DE552704C - Process for the reduction of oxides of volatile metals, especially zinc oxide, by direct action of carbon oxide gas - Google Patents

Description

Process for reducing oxides of volatile metals, in particular of zinc oxide, by direct action of carbon oxide gas The invention relates to a process for thermal or electrothermal reduction that is difficult to reduce Metal oxides, which provide a metal that is volatile at temperatures below 100 ° C. In particular, it applies to the representation of zinc metal in molten form or as zinc dust, possibly with pure zinc oxide as a by-product, from roasted Zinc ores, d. H. use impure zinc oxide with varying metal content.
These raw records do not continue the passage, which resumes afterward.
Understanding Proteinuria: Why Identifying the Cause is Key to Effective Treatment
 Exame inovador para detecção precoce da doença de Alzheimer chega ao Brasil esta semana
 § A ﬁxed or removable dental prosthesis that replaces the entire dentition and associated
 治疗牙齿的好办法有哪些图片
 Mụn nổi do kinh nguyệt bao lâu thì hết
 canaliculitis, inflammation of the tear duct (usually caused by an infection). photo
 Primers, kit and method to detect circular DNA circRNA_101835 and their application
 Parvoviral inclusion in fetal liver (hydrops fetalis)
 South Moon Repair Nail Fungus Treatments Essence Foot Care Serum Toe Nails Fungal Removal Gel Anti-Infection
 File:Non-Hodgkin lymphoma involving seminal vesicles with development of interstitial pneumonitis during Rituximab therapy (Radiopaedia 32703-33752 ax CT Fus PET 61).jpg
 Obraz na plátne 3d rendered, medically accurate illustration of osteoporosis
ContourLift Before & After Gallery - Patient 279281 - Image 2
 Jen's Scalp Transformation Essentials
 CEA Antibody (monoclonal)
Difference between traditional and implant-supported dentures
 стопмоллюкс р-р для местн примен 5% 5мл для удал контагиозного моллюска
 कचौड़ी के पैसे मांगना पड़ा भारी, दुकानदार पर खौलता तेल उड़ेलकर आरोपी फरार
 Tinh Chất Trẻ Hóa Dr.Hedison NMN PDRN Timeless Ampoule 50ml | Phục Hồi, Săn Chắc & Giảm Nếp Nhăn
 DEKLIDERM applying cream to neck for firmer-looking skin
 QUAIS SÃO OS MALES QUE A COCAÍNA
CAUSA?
The method is based on the direct action of carbon oxide gas on zinc oxide or the like. Such is already known in various forms. It has already been proposed (German Patent 192 575) to let the carbon oxide act under pressure in a closed, heated container that receives the ore, with the pressure being increased and the excess reaction gases being released as a result of the evolution of gas during the process itself. Other proposals (German Patent 51,681 and French Patent 39o 672) are directed to sweeping the carbon dioxide gas over the charge. However, these processes require a considerable consumption of gaseous fuel, since in the case of a purely gaseous reduction of the zinc oxide, which, as will be discussed in detail later, the invention has in mind, a complete reduction in a short time can only be achieved if Brush very large amounts of the reducing gas over the feed; they also require high temperatures and thus a large amount of energy.

In contrast, the invention provides for the reduction in a carbon oxide gas stream of adjustable, increased pressure. The amount of pressure is the respective Phases of reduction adapted. It varies from a vacuum to several atmospheres Overpressure. In the initial stage, for example, according to the invention, until it is achieved driven at a higher temperature with very low pressure.

If the reduction is in full swing, a higher pressure, for example from 3 to 5 atmospheres, complied with, without prejudice to the advantageous possibility of deviating pressure regulation every moment without any interruptions to be able to make.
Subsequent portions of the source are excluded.